Au Maroc, le tabagisme reste une affaire d’hommes. Les femmes ne représentent que 0,7% du nombre des fumeurs. Un taux qui vaut au Royaume, une place parmi les pays où la proportion de fumeuses est les plus faibles (0,6%). C’est ce qui ressort d'une récente étude américaine, réalisée par l'Institute for Health Metrics and Evaluation (IHME) de l'Université de Washington et qui traite de la prévalence de personnes qui fument quotidiennement dans pas moins de 187 pays.

Ainsi, le Maroc fait-il mieux que d’autres pays où la proportion de la population féminine qui fume dépasse les 25% comme c’est le cas en Autriche (28,3%), en France (27,7%), au Chili (26%) et en Grèce ( 34,7%) qui présente le taux le plus élevé de tabagisme féminin de la planète.

Pourtant, certains spécialistes de la question du tabagisme prennent ces statistiques avec des pincettes. Selon eux, le taux des fumeuses marocaines risque d’être plus important comme le laisse penser le document de l'Université de Washington. Ceci d’autant plus que des statistiques sur le tabagisme au Maroc, datant de 2006, ont indiqué que 3,3% des femmes âgées de plus de 15 ans fument contre 31,5% d’hommes.

D’après El Hassan El Baghdadi, président de l'Association marocaine de lutte contre le tabac et les drogues (AMLTD), le taux de prévalence annoncé dans ce rapport américain est douteux. « Nous sommes convaincus d’après notre expérience de terrain que les statistiques affichées sont loin de refléter la réalité. Ainsi, les déclarations des responsables et les témoignages des victimes et des personnes cibles de nos campagnes de sensibilisation montrent clairement que le pourcentage des fumeurs notamment parmi les jeunes filles et les adolescents est assez élevé », nous a-t-il précisé. Des propos que partage Dr Youssef Chami Khazraji, de la Fondation Lalla Salma, qui estime également que les chiffres avancés par ledit rapport sont biaisés.
« On sait bien qu’il est souvent difficile pour une femme d’avouer fumer. Tout le monde sait qu’il est encore mal vu dans notre société qu’une femme fume », nous a-t-il indiqué. Du coup, il pense que ce chiffre est à prendre avec réserve malgré le fait qu’il n’a rien de surprenant puisque plusieurs rapports révèlent des taux similaires et ne dépassant pas les 1%. Mais au-delà du débat sur la fiabilité scientifique de ces chiffres, El Hassan El Baghdadi pense qu’il ne faut pas rater le vrai problème, à savoir la hausse inquiétante du nombre de fumeurs notamment chez les mineurs.

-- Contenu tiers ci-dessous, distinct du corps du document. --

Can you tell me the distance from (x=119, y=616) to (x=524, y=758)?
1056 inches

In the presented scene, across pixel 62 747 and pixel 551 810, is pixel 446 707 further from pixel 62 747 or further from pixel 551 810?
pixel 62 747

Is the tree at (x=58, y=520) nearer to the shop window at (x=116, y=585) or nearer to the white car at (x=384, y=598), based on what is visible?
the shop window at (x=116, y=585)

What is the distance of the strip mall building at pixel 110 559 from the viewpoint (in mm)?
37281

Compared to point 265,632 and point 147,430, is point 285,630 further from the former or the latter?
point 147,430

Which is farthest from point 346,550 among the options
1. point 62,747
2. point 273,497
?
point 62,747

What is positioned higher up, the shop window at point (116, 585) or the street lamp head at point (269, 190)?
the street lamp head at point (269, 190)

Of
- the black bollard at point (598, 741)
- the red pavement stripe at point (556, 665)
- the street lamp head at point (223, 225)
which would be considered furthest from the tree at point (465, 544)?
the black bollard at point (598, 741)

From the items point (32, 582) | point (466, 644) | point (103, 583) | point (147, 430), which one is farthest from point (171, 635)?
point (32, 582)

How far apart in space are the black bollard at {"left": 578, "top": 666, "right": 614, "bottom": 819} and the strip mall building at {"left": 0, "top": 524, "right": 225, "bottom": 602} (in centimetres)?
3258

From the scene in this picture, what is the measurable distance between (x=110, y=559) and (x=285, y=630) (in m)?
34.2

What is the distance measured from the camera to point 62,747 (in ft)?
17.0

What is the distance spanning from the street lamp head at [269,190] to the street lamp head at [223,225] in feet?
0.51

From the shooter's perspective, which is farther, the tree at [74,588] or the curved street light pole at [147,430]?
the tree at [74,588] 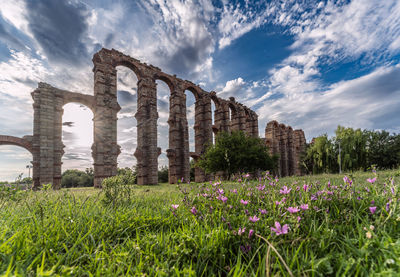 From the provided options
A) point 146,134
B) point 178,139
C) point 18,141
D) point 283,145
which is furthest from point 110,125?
point 283,145

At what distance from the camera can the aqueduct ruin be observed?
15953 millimetres

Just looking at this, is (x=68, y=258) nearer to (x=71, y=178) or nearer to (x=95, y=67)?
(x=95, y=67)

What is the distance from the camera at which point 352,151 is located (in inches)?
1016

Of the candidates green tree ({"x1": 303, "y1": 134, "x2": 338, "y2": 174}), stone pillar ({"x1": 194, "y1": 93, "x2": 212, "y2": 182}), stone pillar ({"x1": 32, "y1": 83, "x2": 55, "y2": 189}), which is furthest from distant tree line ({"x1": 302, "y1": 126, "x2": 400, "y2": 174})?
stone pillar ({"x1": 32, "y1": 83, "x2": 55, "y2": 189})

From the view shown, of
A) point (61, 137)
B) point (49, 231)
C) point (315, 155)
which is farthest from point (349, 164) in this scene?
point (61, 137)

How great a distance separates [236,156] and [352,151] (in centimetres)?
2098

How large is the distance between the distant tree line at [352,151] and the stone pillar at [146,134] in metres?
21.3

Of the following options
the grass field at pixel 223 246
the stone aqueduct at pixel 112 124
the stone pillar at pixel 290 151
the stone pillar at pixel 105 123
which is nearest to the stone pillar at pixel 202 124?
the stone aqueduct at pixel 112 124

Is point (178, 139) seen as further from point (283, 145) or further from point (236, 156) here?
point (283, 145)

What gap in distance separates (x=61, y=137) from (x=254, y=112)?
3045 centimetres

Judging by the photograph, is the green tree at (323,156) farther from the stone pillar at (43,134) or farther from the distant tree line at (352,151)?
the stone pillar at (43,134)

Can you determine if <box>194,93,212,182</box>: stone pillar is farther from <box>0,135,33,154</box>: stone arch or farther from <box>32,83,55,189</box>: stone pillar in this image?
<box>0,135,33,154</box>: stone arch

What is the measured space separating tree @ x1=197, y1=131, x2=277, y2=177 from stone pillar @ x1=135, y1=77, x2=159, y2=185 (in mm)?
5168

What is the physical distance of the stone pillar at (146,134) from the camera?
1850cm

Une étude récente de l’AMLTD a révélé que 13% des fumeurs au Maroc sont âgés de moins de 15 ans, soit un demi-million d'enfants âgés entre 10 et 15 ans, sachant que le nombre d'enfants appartenant à cette tranche d'âge est estimé à environ 3 millions, selon les statistiques de 2012 réalisées par le Haut commissariat au plan. Des résultats que confirme une étude du ministère de la Santé qui a démontré que 15,5% parmi les 13 - 15 ans consomment régulièrement du tabac. Une recrudescence imputée, selon le président de l’AMLTD, à une politique de marketing du tabagisme en pleine expansion du fait de l’ouverture du marché du tabac à la concurrence des grands groupes mondiaux. « La privatisation du secteur a participé à encourager la consommation du tabagisme au sein de la jeunesse », nous a-t-il lancé. Le volet juridique a été également critiqué.

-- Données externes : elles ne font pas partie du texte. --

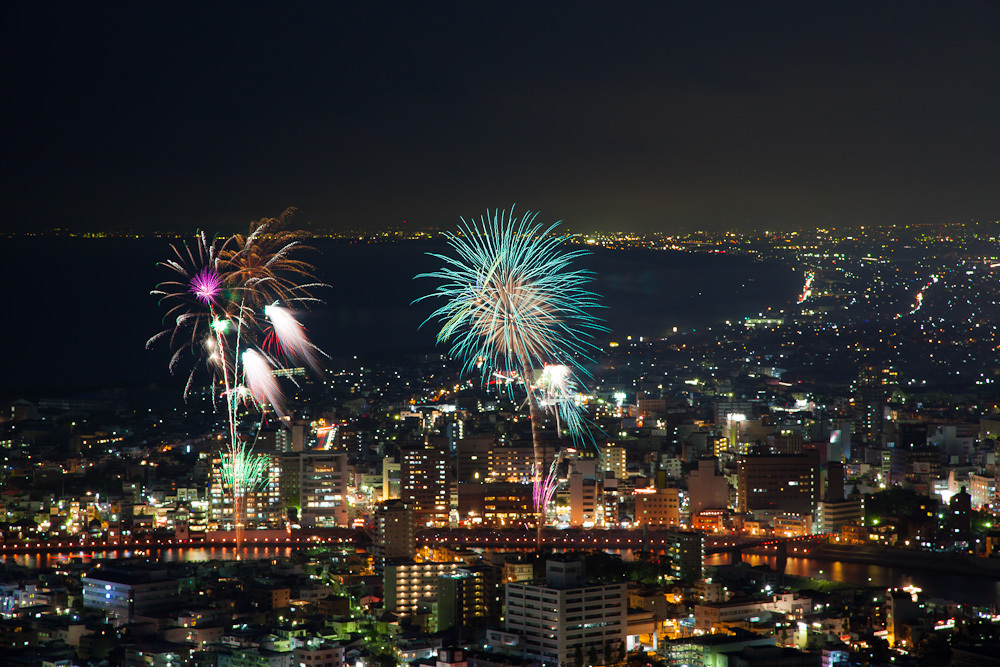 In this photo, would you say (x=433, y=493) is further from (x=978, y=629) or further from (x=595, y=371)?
(x=595, y=371)

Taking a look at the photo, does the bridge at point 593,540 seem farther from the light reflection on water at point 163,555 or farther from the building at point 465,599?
the building at point 465,599

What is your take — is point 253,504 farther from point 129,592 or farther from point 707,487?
point 129,592

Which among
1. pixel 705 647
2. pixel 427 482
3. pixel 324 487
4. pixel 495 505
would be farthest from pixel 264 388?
pixel 705 647

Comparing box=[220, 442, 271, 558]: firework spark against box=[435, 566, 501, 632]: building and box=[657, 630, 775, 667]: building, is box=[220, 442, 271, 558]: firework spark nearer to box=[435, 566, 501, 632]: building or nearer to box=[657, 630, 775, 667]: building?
box=[435, 566, 501, 632]: building

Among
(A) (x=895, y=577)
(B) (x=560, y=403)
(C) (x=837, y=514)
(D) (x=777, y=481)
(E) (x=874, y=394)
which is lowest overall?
(A) (x=895, y=577)

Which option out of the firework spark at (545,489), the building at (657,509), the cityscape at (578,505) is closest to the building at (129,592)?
the cityscape at (578,505) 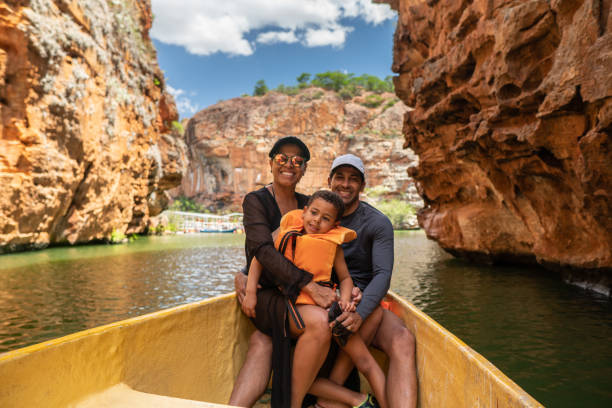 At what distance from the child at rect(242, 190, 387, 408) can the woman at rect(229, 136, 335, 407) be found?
0.24 feet

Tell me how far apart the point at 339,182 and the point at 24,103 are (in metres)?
15.8

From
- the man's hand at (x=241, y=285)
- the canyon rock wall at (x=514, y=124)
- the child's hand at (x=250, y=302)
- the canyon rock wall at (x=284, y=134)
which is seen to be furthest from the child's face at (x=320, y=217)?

Il reproche ainsi à l’Etat la non-opérationnalisation de la loi qui interdit de fumer dans les lieux publics, votée en 2008 par le Parlement et qui attend la promulgation d’un décret pour son entrée en vigueur. Le même constat est observé à propos des articles de la loi 15-95 formant le Code de commerce édictant l’interdiction de la vente de tabac aux mineurs et qui ne sont pas appliqués à ce jour.

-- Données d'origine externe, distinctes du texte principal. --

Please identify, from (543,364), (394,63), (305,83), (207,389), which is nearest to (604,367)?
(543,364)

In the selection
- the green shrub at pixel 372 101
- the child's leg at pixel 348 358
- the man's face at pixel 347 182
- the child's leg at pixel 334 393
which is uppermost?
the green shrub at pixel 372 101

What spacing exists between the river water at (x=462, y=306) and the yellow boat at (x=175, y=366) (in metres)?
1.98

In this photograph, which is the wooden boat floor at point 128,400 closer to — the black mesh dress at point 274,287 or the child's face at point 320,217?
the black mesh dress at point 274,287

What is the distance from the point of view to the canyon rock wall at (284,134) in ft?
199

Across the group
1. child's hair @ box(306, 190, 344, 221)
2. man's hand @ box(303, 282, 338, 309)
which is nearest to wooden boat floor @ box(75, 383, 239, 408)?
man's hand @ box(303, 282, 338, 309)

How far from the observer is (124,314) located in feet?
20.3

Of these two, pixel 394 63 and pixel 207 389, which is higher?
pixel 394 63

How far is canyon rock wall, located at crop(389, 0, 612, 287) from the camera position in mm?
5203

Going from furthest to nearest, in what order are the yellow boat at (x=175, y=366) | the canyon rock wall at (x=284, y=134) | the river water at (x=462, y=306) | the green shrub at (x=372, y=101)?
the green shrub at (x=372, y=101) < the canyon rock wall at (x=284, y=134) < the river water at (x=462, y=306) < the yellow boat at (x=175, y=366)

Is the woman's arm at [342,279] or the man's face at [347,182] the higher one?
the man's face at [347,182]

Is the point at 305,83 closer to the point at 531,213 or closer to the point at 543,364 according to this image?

Une sonnette d’alarme que conforte une récente étude de l'OMS qui a révélé que la cigarette est responsable de 5,7 millions de morts par an dans le monde.
Le document de l’OMS a précisé que si rien n’est fait d’ici 2030, on déplorera plus de 8 millions de décès dus au tabac, dont plus de 80 % surviendront dans des pays à revenu faible ou intermédiaire.